- _Stored dataset items_:

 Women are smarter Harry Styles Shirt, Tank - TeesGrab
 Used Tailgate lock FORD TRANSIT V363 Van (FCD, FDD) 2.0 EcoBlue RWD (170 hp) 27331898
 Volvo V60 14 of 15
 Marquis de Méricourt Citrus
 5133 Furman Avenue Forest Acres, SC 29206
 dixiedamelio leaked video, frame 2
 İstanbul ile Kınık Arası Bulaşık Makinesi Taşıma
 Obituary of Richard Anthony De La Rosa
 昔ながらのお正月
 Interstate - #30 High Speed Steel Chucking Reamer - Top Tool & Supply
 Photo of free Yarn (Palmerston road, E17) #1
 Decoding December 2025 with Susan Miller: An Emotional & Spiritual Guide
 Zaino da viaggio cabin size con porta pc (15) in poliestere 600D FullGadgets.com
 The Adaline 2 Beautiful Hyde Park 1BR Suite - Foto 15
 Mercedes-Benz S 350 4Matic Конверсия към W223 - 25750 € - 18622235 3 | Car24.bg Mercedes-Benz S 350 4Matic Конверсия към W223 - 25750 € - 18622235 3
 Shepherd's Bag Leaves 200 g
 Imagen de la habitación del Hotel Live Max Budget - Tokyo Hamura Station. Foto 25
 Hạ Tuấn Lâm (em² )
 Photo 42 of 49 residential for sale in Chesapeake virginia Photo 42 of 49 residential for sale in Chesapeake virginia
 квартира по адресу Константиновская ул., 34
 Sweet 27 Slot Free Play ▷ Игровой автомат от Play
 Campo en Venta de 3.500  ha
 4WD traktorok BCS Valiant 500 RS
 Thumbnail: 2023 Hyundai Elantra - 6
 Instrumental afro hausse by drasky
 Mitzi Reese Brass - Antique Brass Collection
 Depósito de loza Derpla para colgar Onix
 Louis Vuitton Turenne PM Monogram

- _Task details_: The response should be every record above restated exactly.

- _Result of this exercise_:
 Women are smarter Harry Styles Shirt, Tank - TeesGrab
 Used Tailgate lock FORD TRANSIT V363 Van (FCD, FDD) 2.0 EcoBlue RWD (170 hp) 27331898
 Volvo V60 14 of 15
 Marquis de Méricourt Citrus
 5133 Furman Avenue Forest Acres, SC 29206
 dixiedamelio leaked video, frame 2
 İstanbul ile Kınık Arası Bulaşık Makinesi Taşıma
 Obituary of Richard Anthony De La Rosa
 昔ながらのお正月
 Interstate - #30 High Speed Steel Chucking Reamer - Top Tool & Supply
 Photo of free Yarn (Palmerston road, E17) #1
 Decoding December 2025 with Susan Miller: An Emotional & Spiritual Guide
 Zaino da viaggio cabin size con porta pc (15) in poliestere 600D FullGadgets.com
 The Adaline 2 Beautiful Hyde Park 1BR Suite - Foto 15
 Mercedes-Benz S 350 4Matic Конверсия към W223 - 25750 € - 18622235 3 | Car24.bg Mercedes-Benz S 350 4Matic Конверсия към W223 - 25750 € - 18622235 3
 Shepherd's Bag Leaves 200 g
 Imagen de la habitación del Hotel Live Max Budget - Tokyo Hamura Station. Foto 25
 Hạ Tuấn Lâm (em² )
 Photo 42 of 49 residential for sale in Chesapeake virginia Photo 42 of 49 residential for sale in Chesapeake virginia
 квартира по адресу Константиновская ул., 34
 Sweet 27 Slot Free Play ▷ Игровой автомат от Play
 Campo en Venta de 3.500  ha
 4WD traktorok BCS Valiant 500 RS
 Thumbnail: 2023 Hyundai Elantra - 6
 Instrumental afro hausse by drasky
 Mitzi Reese Brass - Antique Brass Collection
 Depósito de loza Derpla para colgar Onix
 Louis Vuitton Turenne PM Monogram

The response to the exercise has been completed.